Data listing —
....

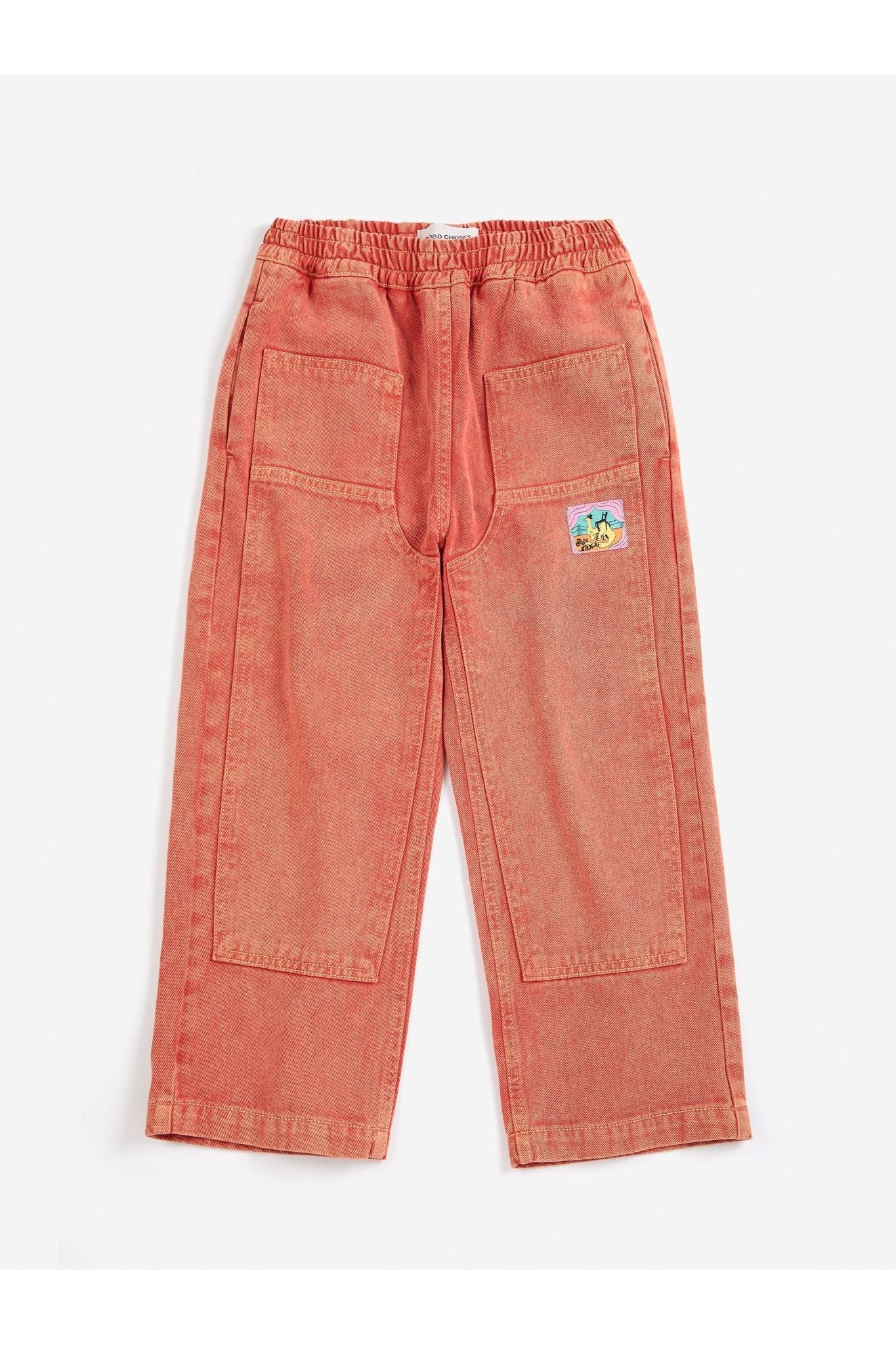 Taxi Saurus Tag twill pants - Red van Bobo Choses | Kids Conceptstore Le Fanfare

....

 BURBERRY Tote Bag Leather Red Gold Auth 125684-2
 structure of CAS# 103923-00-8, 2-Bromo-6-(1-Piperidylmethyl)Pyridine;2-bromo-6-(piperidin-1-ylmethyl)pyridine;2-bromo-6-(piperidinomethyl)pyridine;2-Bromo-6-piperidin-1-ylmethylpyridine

....

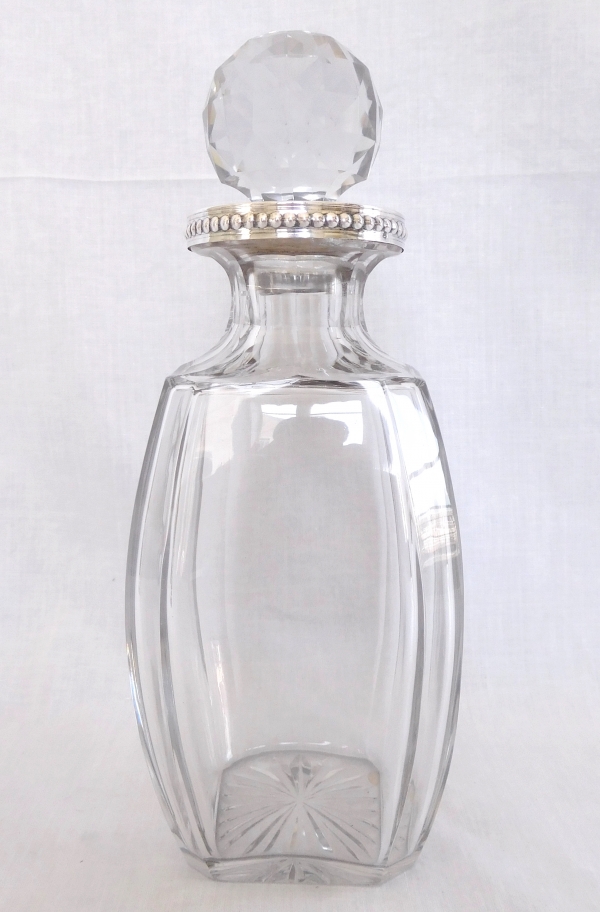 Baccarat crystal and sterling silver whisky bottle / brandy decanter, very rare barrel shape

....

Task to complete — What you return must be the lines above that run from the line with "BURBERRY Tote Bag" to the line with "structure of CAS#", inclusive, each copied exactly.

Worked solution —
 BURBERRY Tote Bag Leather Red Gold Auth 125684-2
 structure of CAS# 103923-00-8, 2-Bromo-6-(1-Piperidylmethyl)Pyridine;2-bromo-6-(piperidin-1-ylmethyl)pyridine;2-bromo-6-(piperidinomethyl)pyridine;2-Bromo-6-piperidin-1-ylmethylpyridine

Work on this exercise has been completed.